Mungo Park, Il découvre le Niger (Djoliba), 1799

Un peu avant la fin du jour, nous nous arrêtâmes pour passer la nuit dans un petit village où je me procurai quelques aliments pour moi et un peu de grain pour mon cheval, au prix modéré d’un bouton. On me dit que le lendemain matin je verrais de bonne heure le Niger (que les Nègres appellent le Joliba ou la Grande Eau). Les lions sont ici très communs. On ferme les portes peu après le soleil couché, et personne ne peut plus sortir de la ville.

L’idée de voir le lendemain le Niger, jointe au bourdonnement importun des moustiques, m’empêchèrent de fermer l’œil durant la nuit. Avant le jour, j’avais sellé mon cheval et j’étais prêt à partir ; mais, à cause des bêtes féroces, nous fûmes obligés d’attendre pour ne pas ouvrir les portes avant que les habitants fussent éveillés. C’était jour de marché à Sego, et les chemins étaient partout couverts de gens qui portaient à vendre divers articles. Nous traversâmes quatre grands villages, et à huit heures nous vîmes la fumée s’élever au-dessus de Sego.

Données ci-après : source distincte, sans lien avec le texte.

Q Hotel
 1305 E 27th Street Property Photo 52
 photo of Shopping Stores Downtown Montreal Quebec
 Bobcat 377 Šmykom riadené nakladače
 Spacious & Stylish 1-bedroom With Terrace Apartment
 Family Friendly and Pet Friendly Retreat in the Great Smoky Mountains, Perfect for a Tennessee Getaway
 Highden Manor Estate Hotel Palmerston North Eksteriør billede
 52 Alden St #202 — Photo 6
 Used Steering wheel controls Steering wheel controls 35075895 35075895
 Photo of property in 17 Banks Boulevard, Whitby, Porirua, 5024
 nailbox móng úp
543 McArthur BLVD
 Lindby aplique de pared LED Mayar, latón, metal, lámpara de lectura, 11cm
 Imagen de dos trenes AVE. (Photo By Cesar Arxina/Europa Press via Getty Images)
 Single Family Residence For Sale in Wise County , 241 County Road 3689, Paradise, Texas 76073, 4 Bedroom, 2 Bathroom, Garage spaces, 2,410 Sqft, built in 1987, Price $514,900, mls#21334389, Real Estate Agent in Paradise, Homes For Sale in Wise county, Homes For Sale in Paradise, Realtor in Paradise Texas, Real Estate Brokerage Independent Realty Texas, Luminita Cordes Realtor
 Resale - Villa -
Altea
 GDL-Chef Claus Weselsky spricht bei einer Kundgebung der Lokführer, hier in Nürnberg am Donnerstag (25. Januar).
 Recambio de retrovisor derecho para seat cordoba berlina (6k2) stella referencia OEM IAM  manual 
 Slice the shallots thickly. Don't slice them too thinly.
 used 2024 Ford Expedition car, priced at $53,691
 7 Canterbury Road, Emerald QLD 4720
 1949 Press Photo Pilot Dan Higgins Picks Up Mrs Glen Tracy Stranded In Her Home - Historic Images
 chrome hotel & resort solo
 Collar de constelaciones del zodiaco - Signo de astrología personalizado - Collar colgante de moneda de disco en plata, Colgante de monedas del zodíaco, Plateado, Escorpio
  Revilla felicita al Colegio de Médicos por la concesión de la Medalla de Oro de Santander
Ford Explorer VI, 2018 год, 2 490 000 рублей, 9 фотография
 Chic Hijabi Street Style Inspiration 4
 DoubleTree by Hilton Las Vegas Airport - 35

En approchant de la ville, j’eus le bonheur de rejoindre les Kaartans fugitifs, dont la complaisance m’avait été si utile depuis que je traversais le Bambara. Ils convinrent volontiers de me présenter au roi, et nous marchâmes ensemble par un terrain marécageux, où tandis que je tâchais de découvrir le fleuve l’un d’eux s’écria : geo offilli (voyez l’eau). Regardant devant moi, je vis avec un extrême plaisir le grand objet de ma mission, le majestueux Niger que je cherchais depuis si longtemps. Large comme la Tamise l’est à Westminger, il étincelait des feux du soleil et coulait lentement vers l’orient. Je courus au rivage, et après avoir bu de ses eaux j’élevai mes mains au ciel, en remerciant avec ferveur l’ordonnateur de toutes choses de ce qu’il avait couronné mes efforts d’un succès si complet.

Cependant, la pente du Niger vers l’est et les points collatéraux de cette direction ne me causèrent aucune surprise, car, quoiqu’à mon départ d’Europe j’eusse de grands doutes à ce sujet, j’avais fait, dans le cours de mon voyage, tant de questions sur ce fleuve et des Nègres de diverses nations m’avaient assuré si souvent et si positivement que son cours principal allait vers le soleil levant, qu’il ne me restait sur ce point presque plus d’incertitude, d’autant que je savais que le major Houghton avait recueilli de la même manière des informations pareilles.